_How to complete this task_
Copy out the data in full and exactly, passing over the pictures.

_Information supplied_
##########

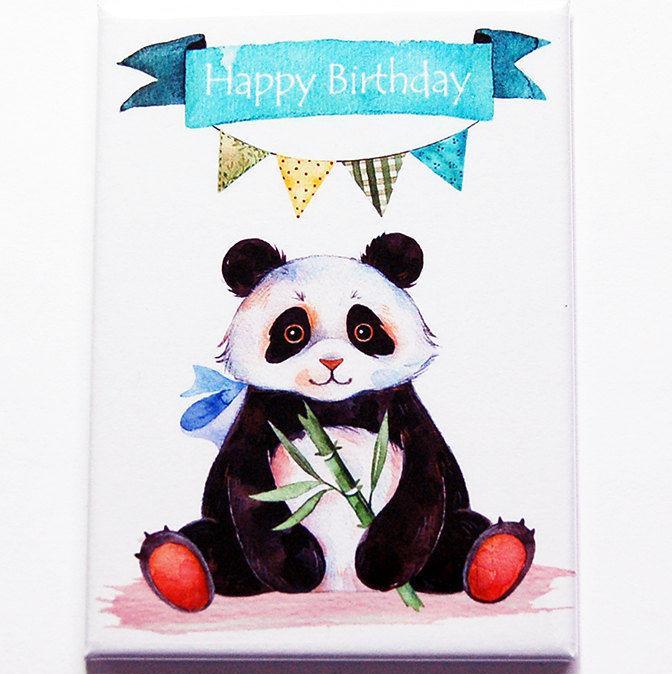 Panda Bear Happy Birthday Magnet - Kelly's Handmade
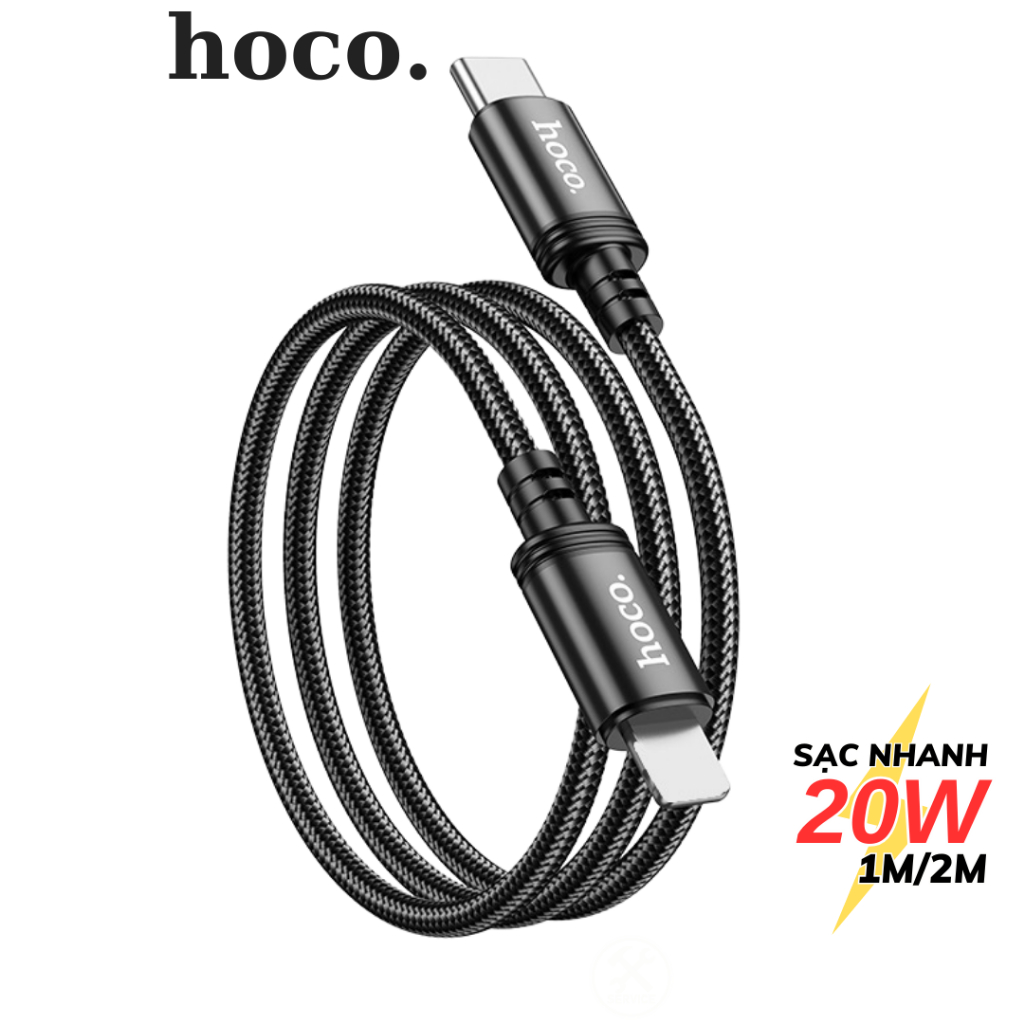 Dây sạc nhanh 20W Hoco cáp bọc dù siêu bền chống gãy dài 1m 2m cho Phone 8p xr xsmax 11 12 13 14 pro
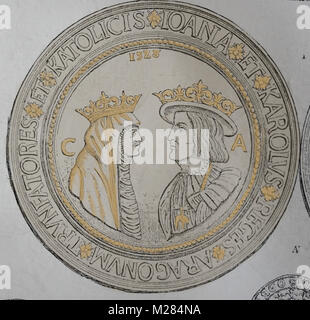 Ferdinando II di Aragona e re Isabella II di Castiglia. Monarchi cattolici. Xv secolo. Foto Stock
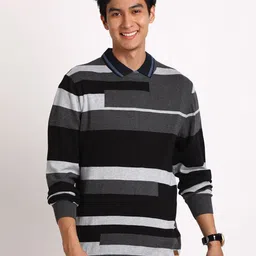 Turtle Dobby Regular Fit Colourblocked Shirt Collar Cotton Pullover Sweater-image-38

##########

_Answer to the problem_
 Panda Bear Happy Birthday Magnet - Kelly's Handmade
 Dây sạc nhanh 20W Hoco cáp bọc dù siêu bền chống gãy dài 1m 2m cho Phone 8p xr xsmax 11 12 13 14 pro
 Ferdinando II di Aragona e re Isabella II di Castiglia. Monarchi cattolici. Xv secolo. Foto Stock
 Turtle Dobby Regular Fit Colourblocked Shirt Collar Cotton Pullover Sweater-image-38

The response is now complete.